Southern Railways began a major investment programme. Another locomotive was purchased, built by Manning Wardle to their original drawings and named Lew. New goods wagons were bought and more frequent services introduced but the railway was still not profitable. Unfortunately, due to the route followed by the line many of its stations were far from the settlements they served making competition from road transport all the more severe. On 29th September 1935 Southern Railways closed the line.
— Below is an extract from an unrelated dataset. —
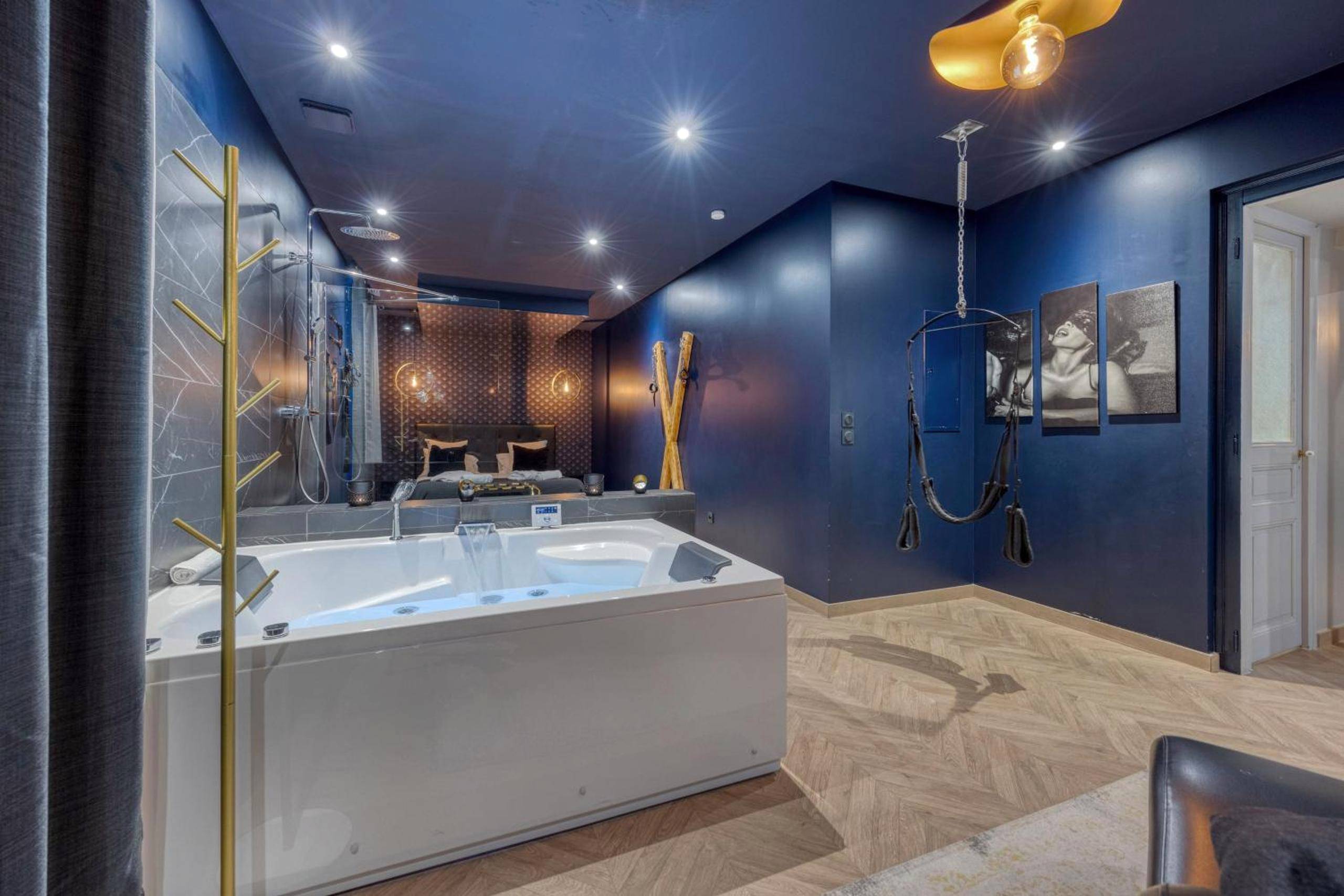 Photo du logement - Love Room L'Aixtase - Oasis Romantique à Aix - les - Bains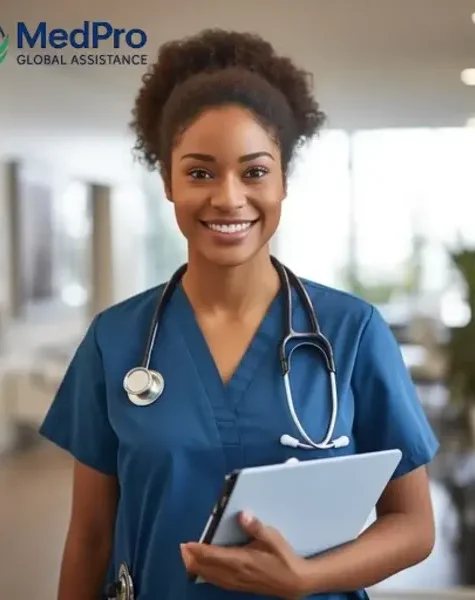 confident-medical-professional-600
Rolling stock and track was sold off with almost indecent haste, and the locos were cut up for scrap
Much of the route still survives, as do most of the buildings and the Chelfham viaduct, restored in 2000. The Lynton and Barnstaple Railway is now the subject of active restoration, and the first section was re-opened at Woody Bay station on 11th May 2003, 105 years to the day after the original opening.